- Interbank Rate Rises on Cash Outflow
The Nigerian Interbank Offered Rates (NIBOR) closed at an average of 11.5 per cent on Friday, up from the seven per cent it was the preceding Friday as payments for bond and treasury bills purchases drained liquidity from the money market.
The Debt Management Office last week raised N214.95 billion from local currency bonds at its first auction this year, with payment for the bonds due last Friday.
According to Reuters, traders said the lending rate jumped on Friday as some banks scrambled for cash to pay for bonds and treasury bills.

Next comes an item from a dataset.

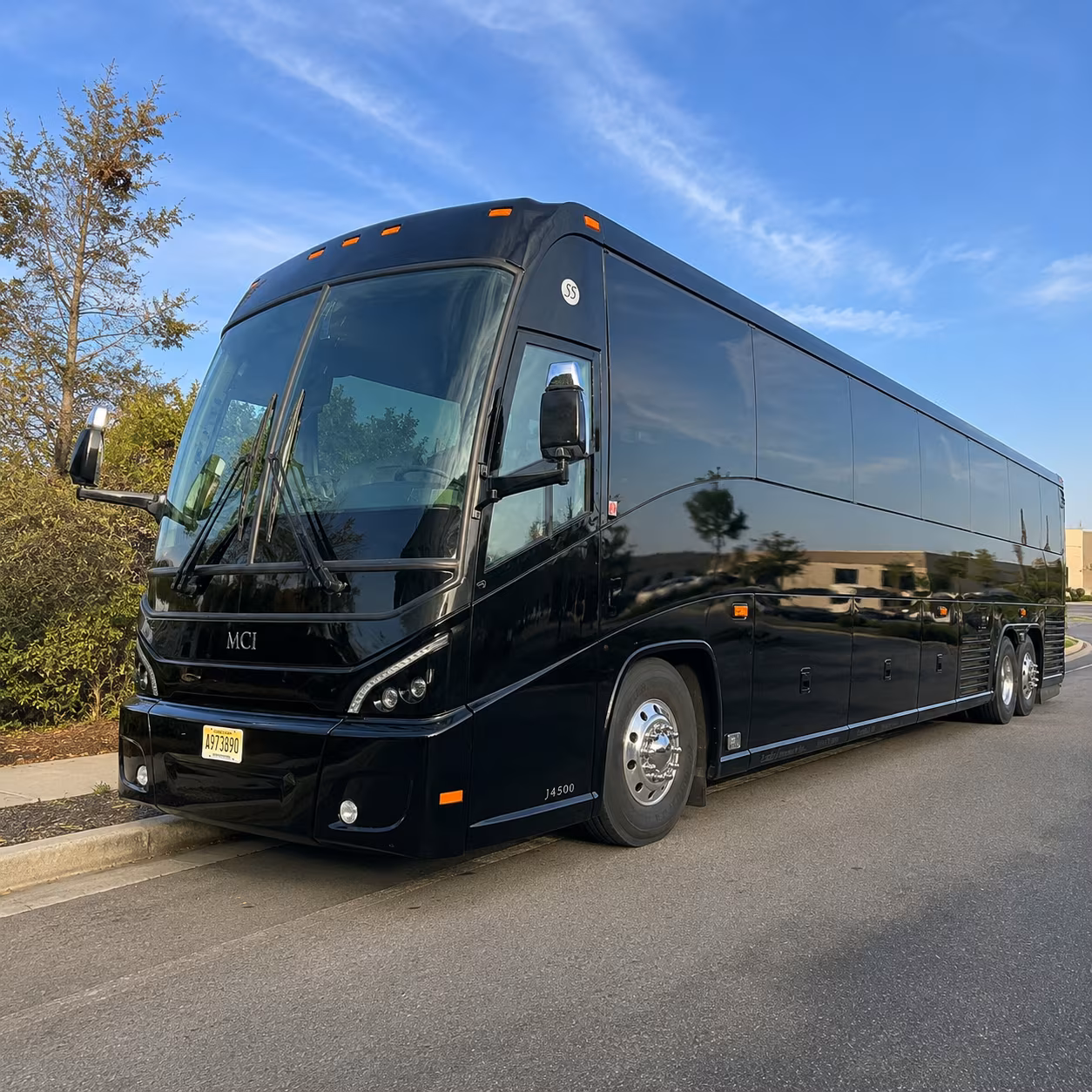 Riverside Airport Shuttle & Transportation party bus exterior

Meanwhile, activities in the money market last week remained dictated by system liquidity. The week opened with improved system liquidity of N256.7 billion, indicating a N91 billion increase as against previous Friday. During the week, the CBN sold N208.9 billion worth of open market operations (OMO) instruments and N268.9 billion of treasury bills. The Treasury bills market experienced mixed sentiment during the week as average yield rose on two out of five sessions. The week started with sell-offs across short to medium term instruments as investors positioned for the OMO auction (143-day and 297-day instruments issued at 18.0% and 18.6% marginal rates) announced by the CBN.

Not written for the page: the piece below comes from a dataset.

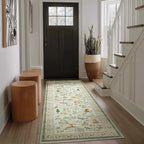 Machine Washable Kitchen Runner Rug: 2'x6' Hallway Rug Non Slip Low Pile Stain - Image 2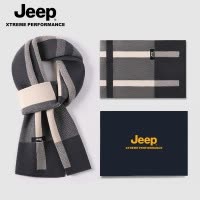 jeep吉普男士冬季秋冬季围巾保暖高档生日礼物围脖韩版百搭时商男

“In the week ahead, there are no maturing securities and we expect money market rates to trade in double digits barring any major inflow into the system, while activities in the treasury bills market trade mildly bullish,” analysts at Afrinvest Africa Limited stated.
Forex Market Review
Activities in the foreign exchange (forex) market last week remained besieged by liquidity crunch in all segments of the market. At the Interbank, the CBN continued daily dollar interventions in order to meet some dollar demands and also contain intra-day interbank rate movement on all days during the week.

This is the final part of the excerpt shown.